INPUT FOR THIS TASK:
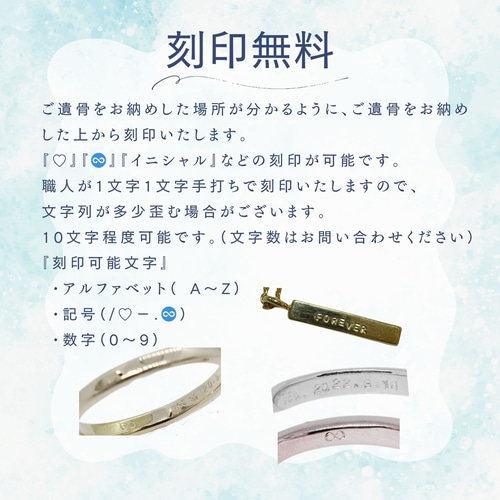 メモリアルリング 刻印無料 遺骨ジュエリー 遺骨リング 遺骨指輪 指輪
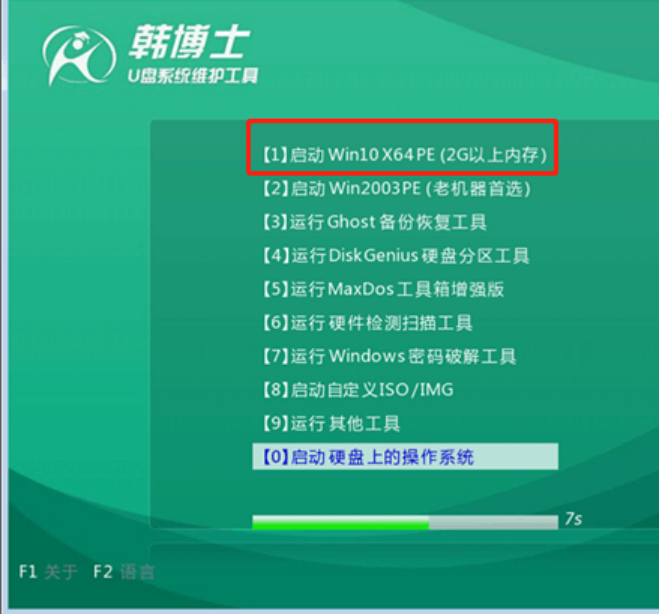 雷蛇razer blade pro 靈刃筆記本u盤安裝win7系統(tǒng)教程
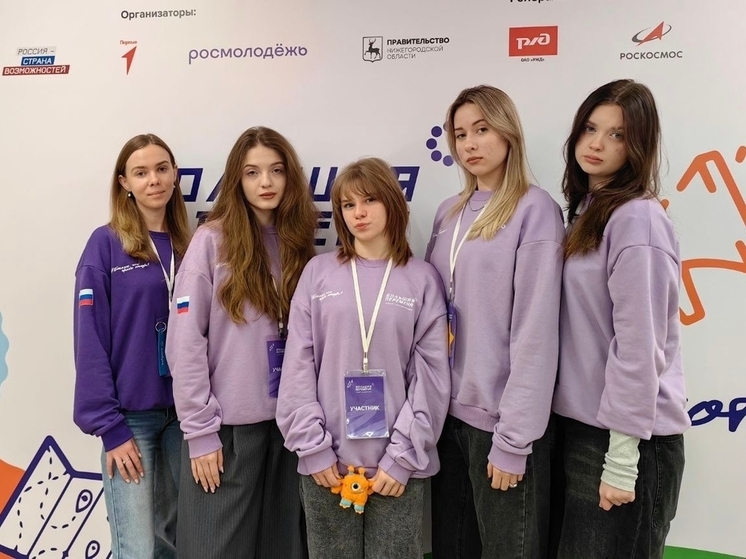 Липецкие студентки стали призерами Всероссийского конкурса «Большая перемена»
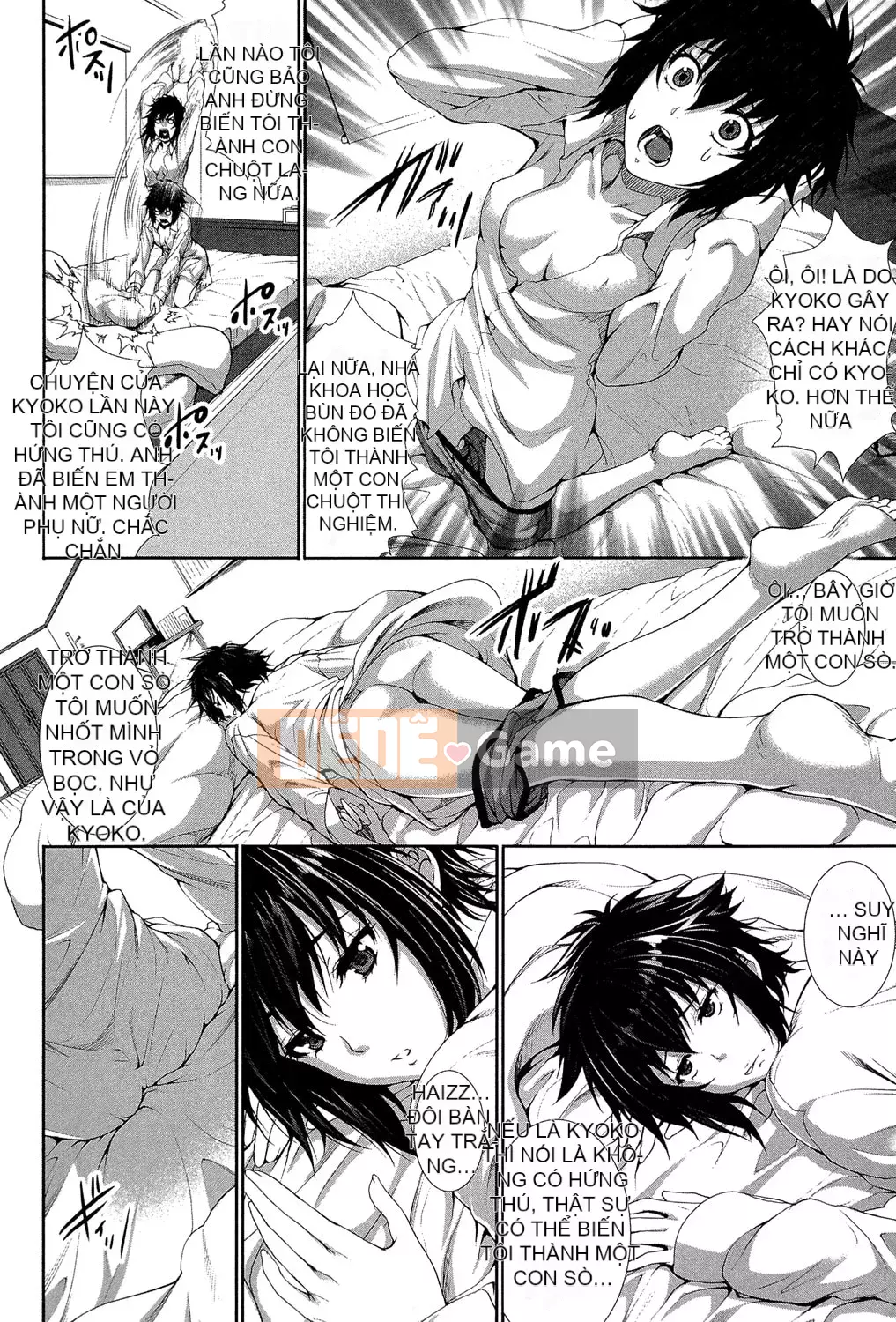 [Zucchini] Tôi là cơ thể thử nghiệm của cô ấy! [Kỹ thuật số]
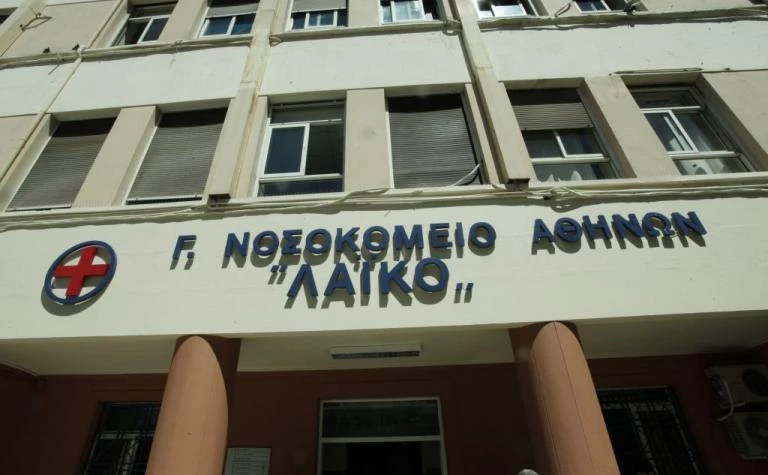Λαϊκό Νοσοκομείο: Εξαφανίστηκαν γιατρός και ο σύζυγός της μετά την αποκάλυψη του κυκλώματος με τα αντικαρκινικά φάρμακα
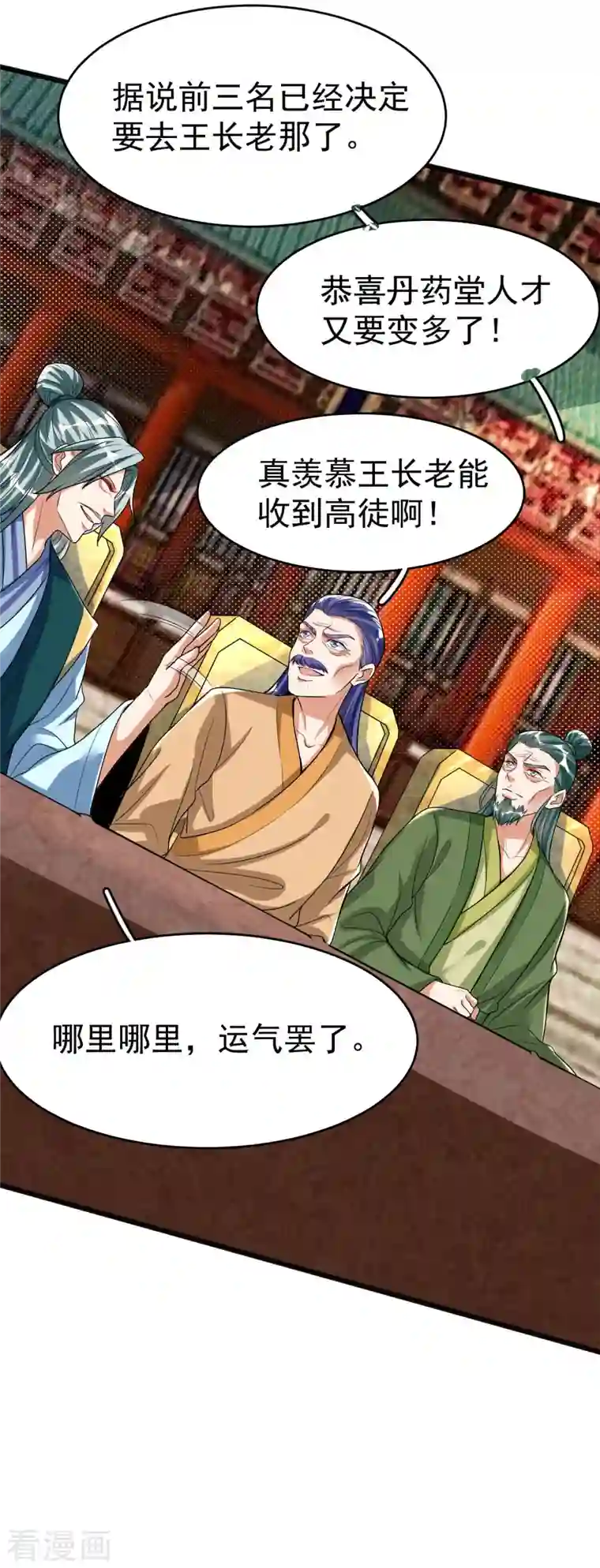 荒天至尊第28话 再见故人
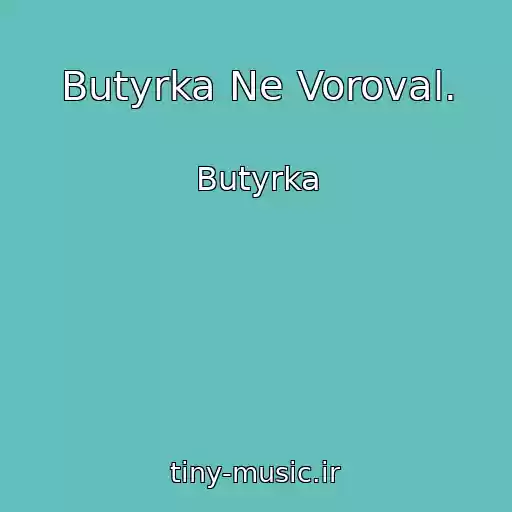 کاور آهنگ Butyrka Ne Voroval. از Butyrka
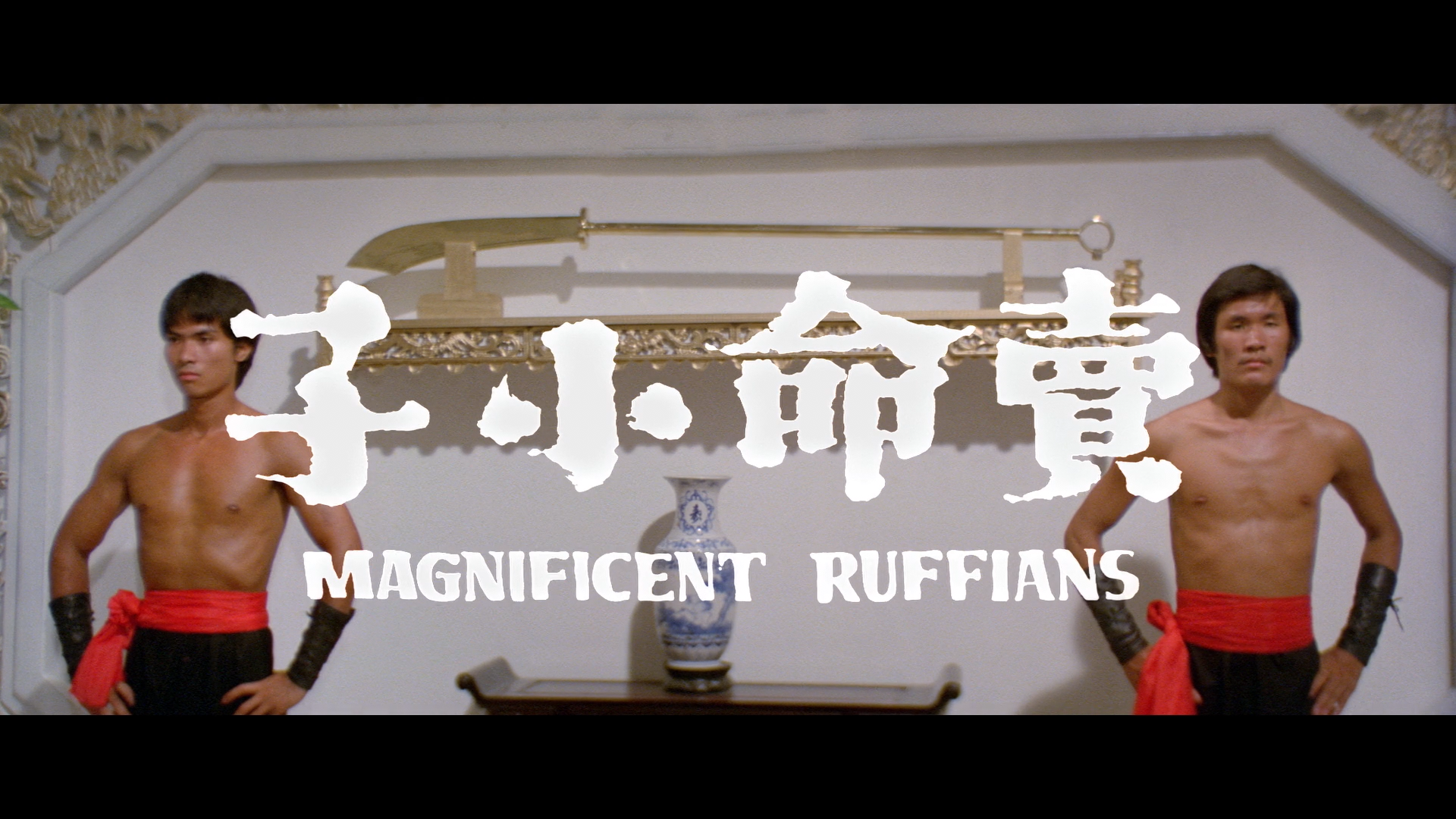 Magnificent Ruffians cap 1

TASK GOAL:
Quote exactly, and only, the lines from the line containing "雷蛇razer blade pro 靈刃筆記本u盤安裝win7系統(tǒng)教程" through the final line of the records above, both included, omitting any pictures.

YOUR RESPONSE:
 雷蛇razer blade pro 靈刃筆記本u盤安裝win7系統(tǒng)教程
 Липецкие студентки стали призерами Всероссийского конкурса «Большая перемена»
 [Zucchini] Tôi là cơ thể thử nghiệm của cô ấy! [Kỹ thuật số]
Λαϊκό Νοσοκομείο: Εξαφανίστηκαν γιατρός και ο σύζυγός της μετά την αποκάλυψη του κυκλώματος με τα αντικαρκινικά φάρμακα
 荒天至尊第28话 再见故人
 کاور آهنگ Butyrka Ne Voroval. از Butyrka
 Magnificent Ruffians cap 1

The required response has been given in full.